*** Material provided ***
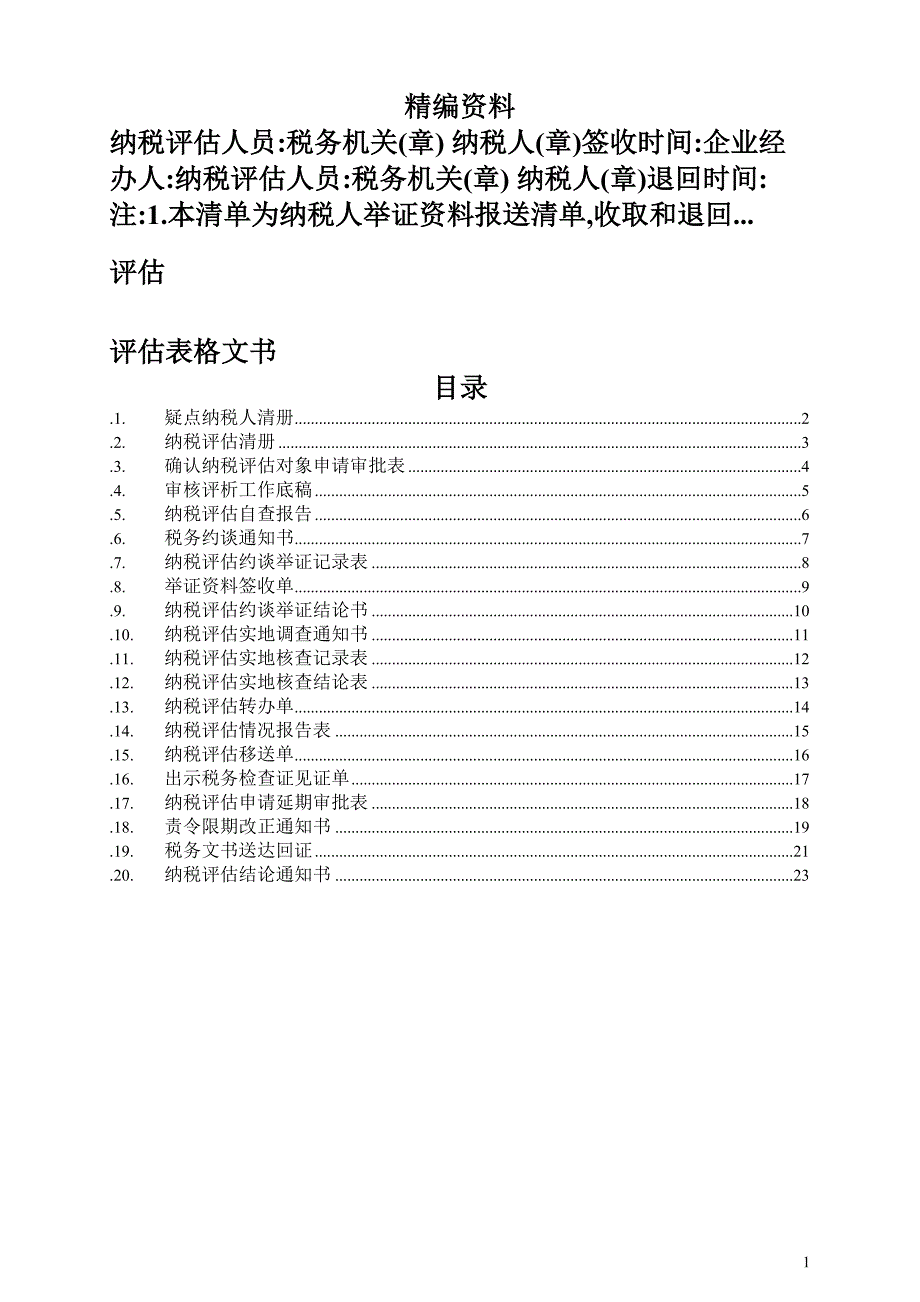 纳税评估表格文书_第1页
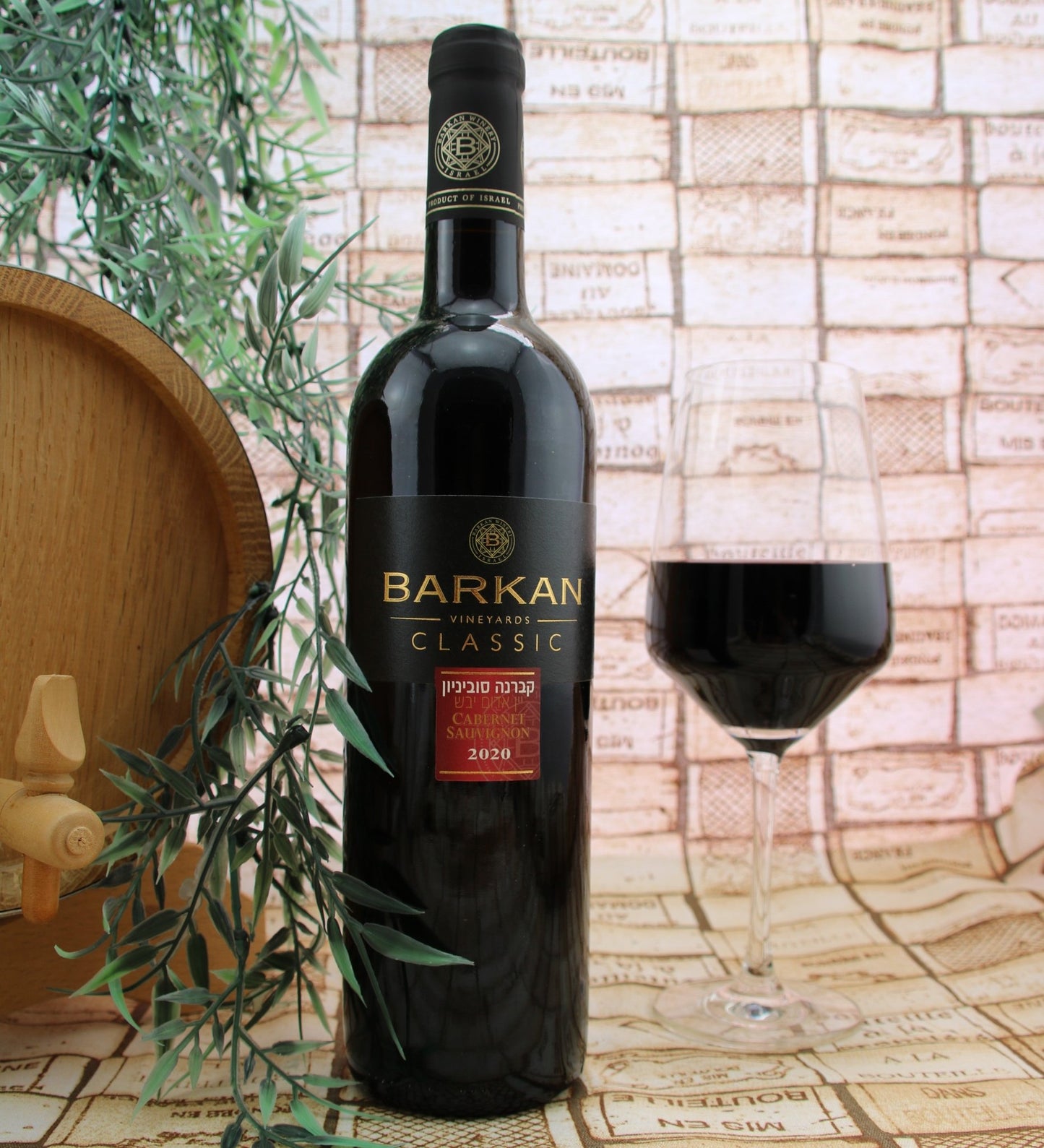 
                  
                    Barkan Classic Cabernet Sauvignon - Israelwein
                  
                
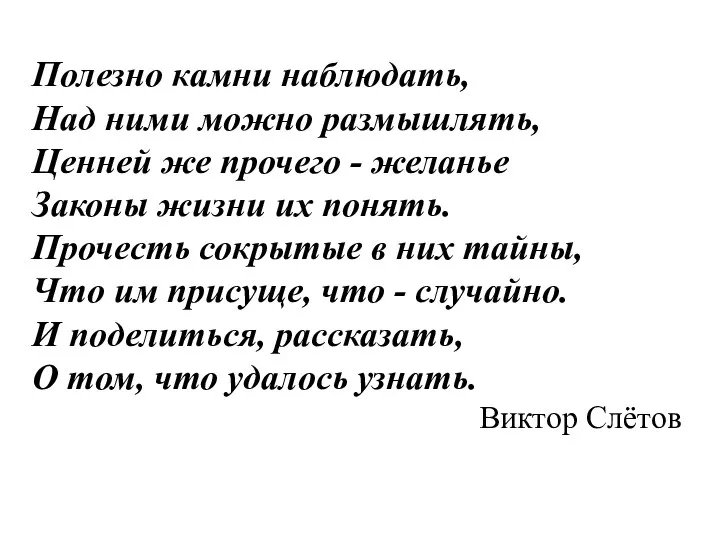 Полезно камни наблюдать, Над ними можно размышлять, Ценней же прочего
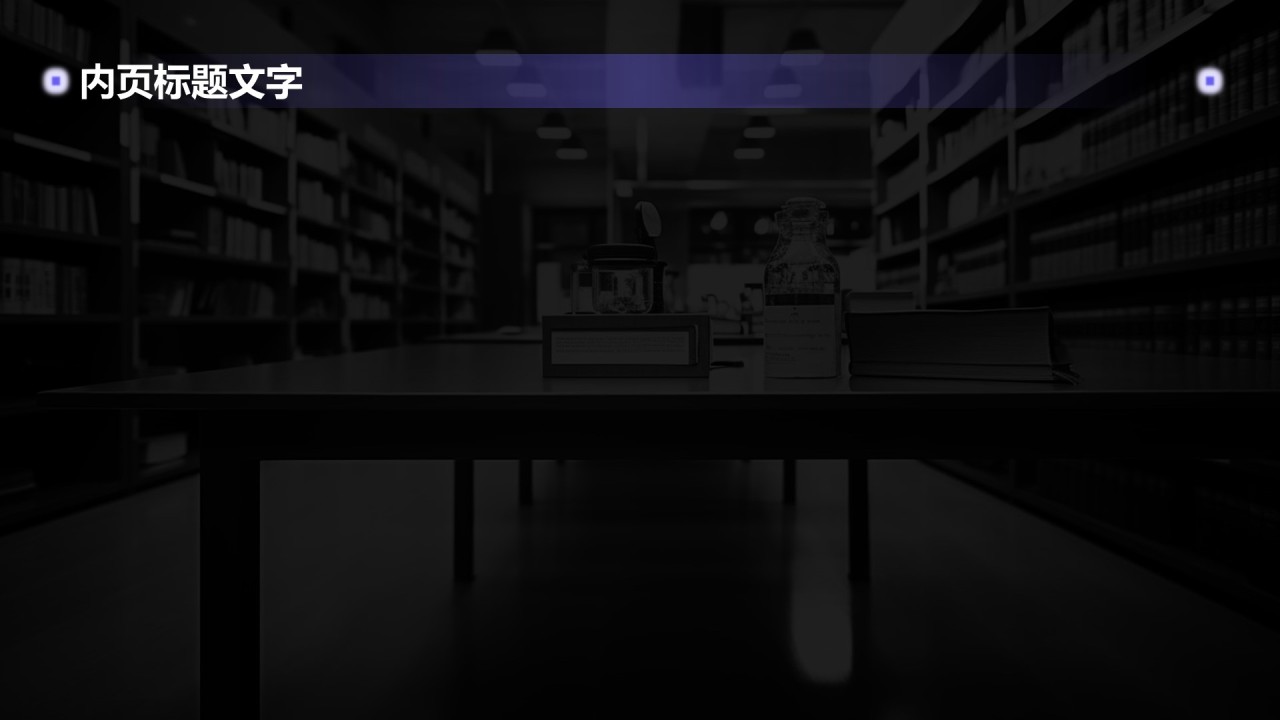 紫色简约风博士生毕业论文开题报告PPT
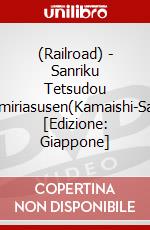 (Railroad) - Sanriku Tetsudou Minamiriasusen(Kamaishi-Sakari) [Edizione: Giappone] dvd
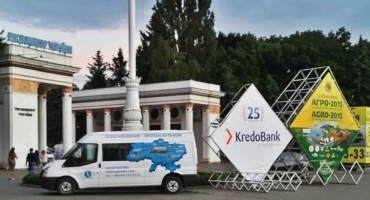 ВИСТАВКА «АГРО-2015»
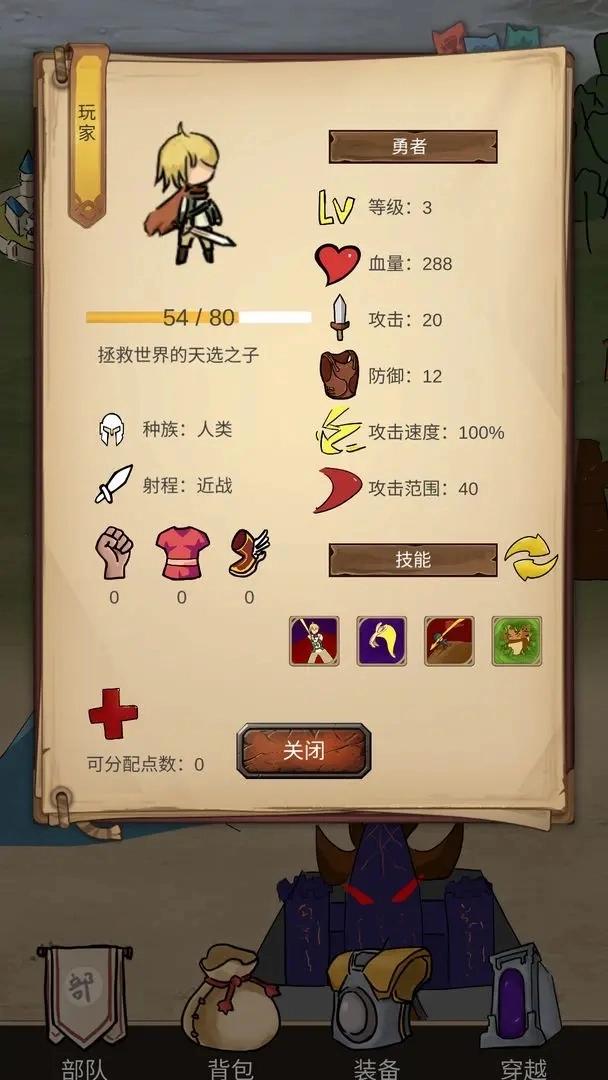 异世界之旅官方最新版(3)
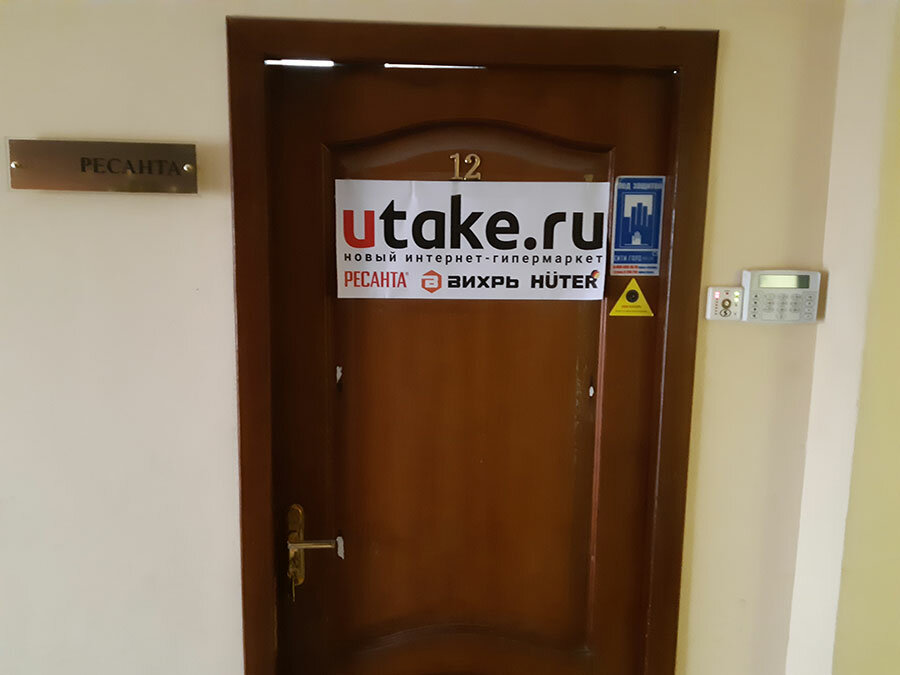 Utake Ru Интернет Магазин Тюмень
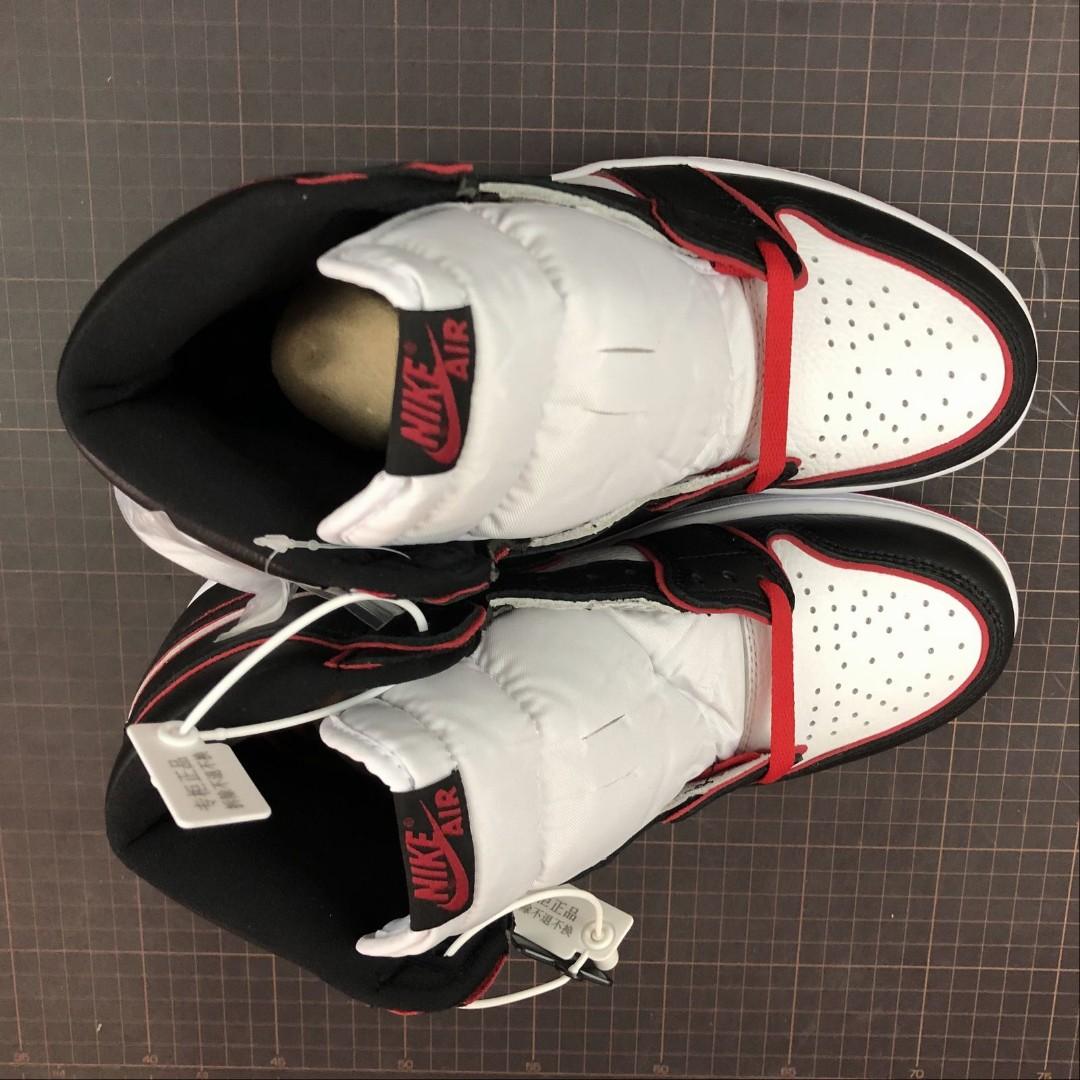 Jordan 1 man was not meant to on sale fly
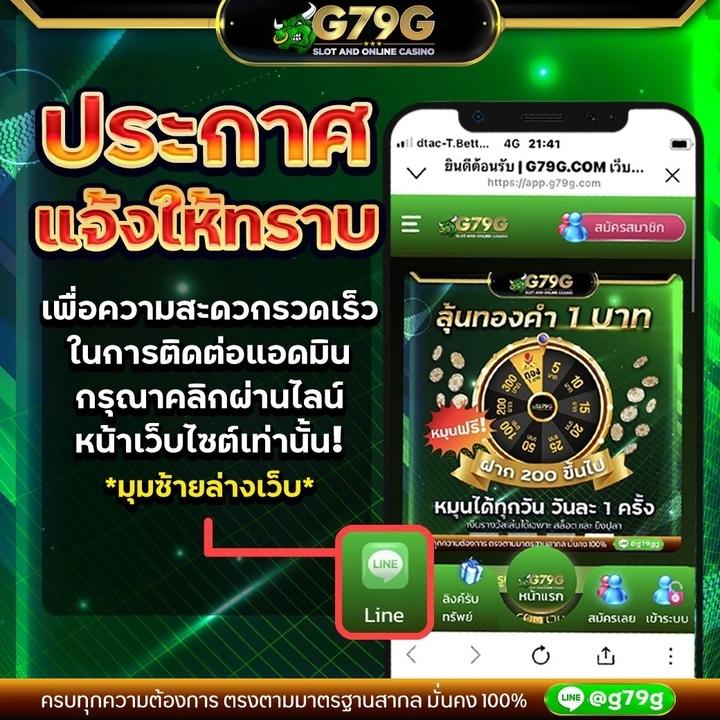 เว็บ kubet คาสิโนออนไลน์ชั้นนำ ฝากถอนทันใจ เล่นง่ายได้เงินจริง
*** End of Material provided ***
Would you please copy, exactly and only, the lines from the one with "Barkan Classic Cabernet" through the end of the entries above, skipping every picture?

**Task output**
                    Barkan Classic Cabernet Sauvignon - Israelwein
                  
                
 Полезно камни наблюдать, Над ними можно размышлять, Ценней же прочего
 紫色简约风博士生毕业论文开题报告PPT
 (Railroad) - Sanriku Tetsudou Minamiriasusen(Kamaishi-Sakari) [Edizione: Giappone] dvd
 ВИСТАВКА «АГРО-2015»
 异世界之旅官方最新版(3)
 Utake Ru Интернет Магазин Тюмень
 Jordan 1 man was not meant to on sale fly
 เว็บ kubet คาสิโนออนไลน์ชั้นนำ ฝากถอนทันใจ เล่นง่ายได้เงินจริง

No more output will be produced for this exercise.